# Behold, the parasite...my first pedal PCB build...



## Stickman393 (Jul 8, 2021)

This thing is friggin weird.

It's not as clean as I'd ideally want to make it...still trying to figure out my rhythm with ribbon cables, W2B connectors, etc.  Never did a wah pedal before, so this is a first.

The biggest headache here was the 10k dual gang pot for the pinion.  I couldn't quite find one that would work off the shelf, and the only other option seemed to be to E-mail the folks who make the parachute wah...which my anti-social ass DEFINITELY wasn't going to do.

I just so happened to have an Alps 10K log potentiometer on hand...an RK27.  Thing is, It didn't fit, and the only pinion that I had on hand (cannabalized from the crybaby "broken/for parts" internals...it's hard to find a good wah enclosure these days) was designed for a D shaft and a snap ring retainer.

Meh, NBD.  Pull out the mini mill, gently shave off the pot shaft until it's a nice D shape, hog out a little bit of the wah enclosure, and bingo...works like a charm.  Ugly as hell, but it gets the job done.

As for the sound...huh.  Depending on how I have the gear set, this thing can get super low and self-oscillate down in it's lowest range.  Kinda wild.  Was not expecting that.

Oh, and it's got an LED bling plate and a blue tread.  Because F+#/ yeah.

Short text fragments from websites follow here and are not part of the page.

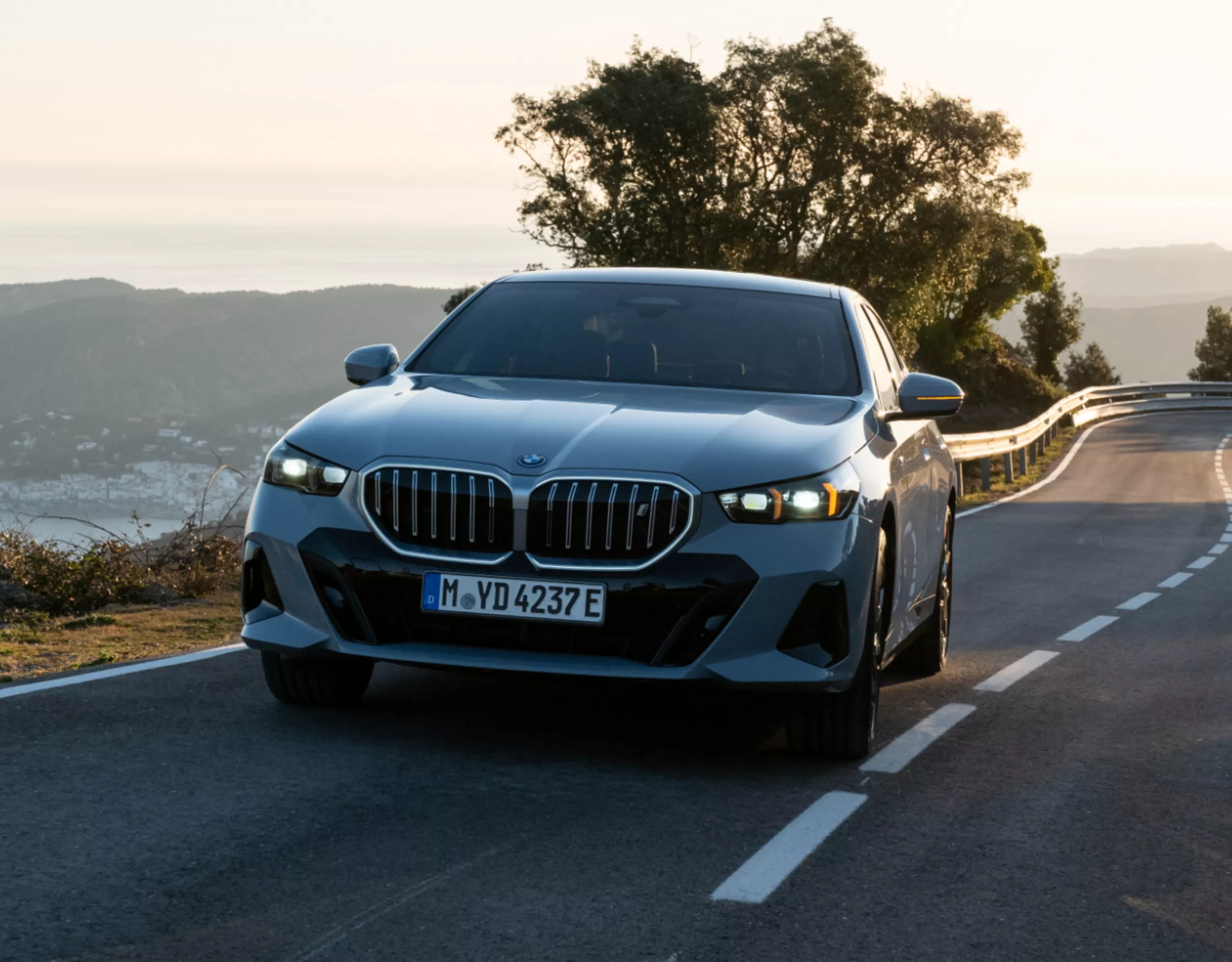 BMW i5純電豪華房車，Frozen Pure Grey Metallic銀粉漆，在地中海的沿海公路上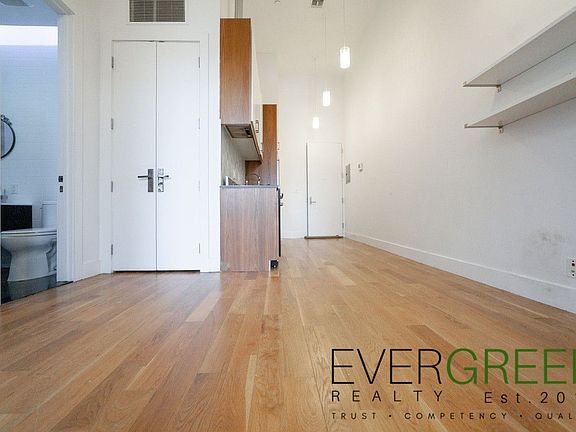 4th image of 949 Willoughby Ave APT 101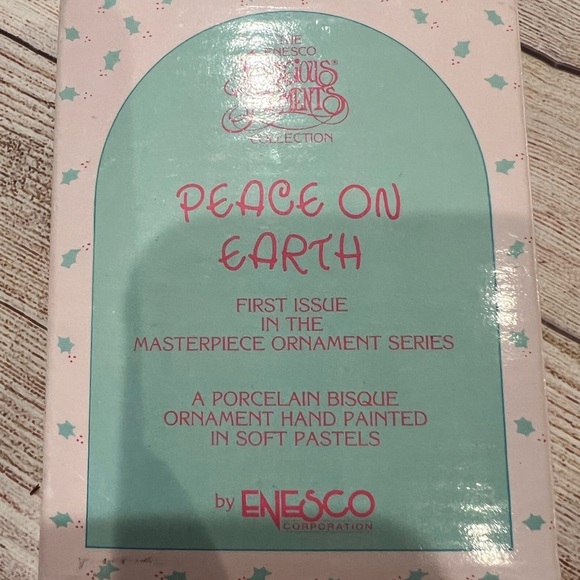 PRECIOUS MOMENTS 1989 "Peace On Earth" Nativity Ornament New In Box - Picture 6 of 8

Next wah-ish build I might fab up a wood tread...gotta be something that can stand up to my foot.  Jatoba maybe...might be too boring though.  Wenge if I have a big enough scrap piece.  I dunno.  I still need to put a stick figure on this guy...


----------



## fig (Jul 8, 2021)

That's slick as snot!

2 questions if you'll indulge me;

How's it sound?
Is that pee pee grease on the pot gear?


----------



## Stickman393 (Jul 8, 2021)

It sounds...well, I still want to tweak the pinion a touch more.  I only futzed around with it for a couple minutes before I came back downstairs to get back to work...just had a mouser package come in...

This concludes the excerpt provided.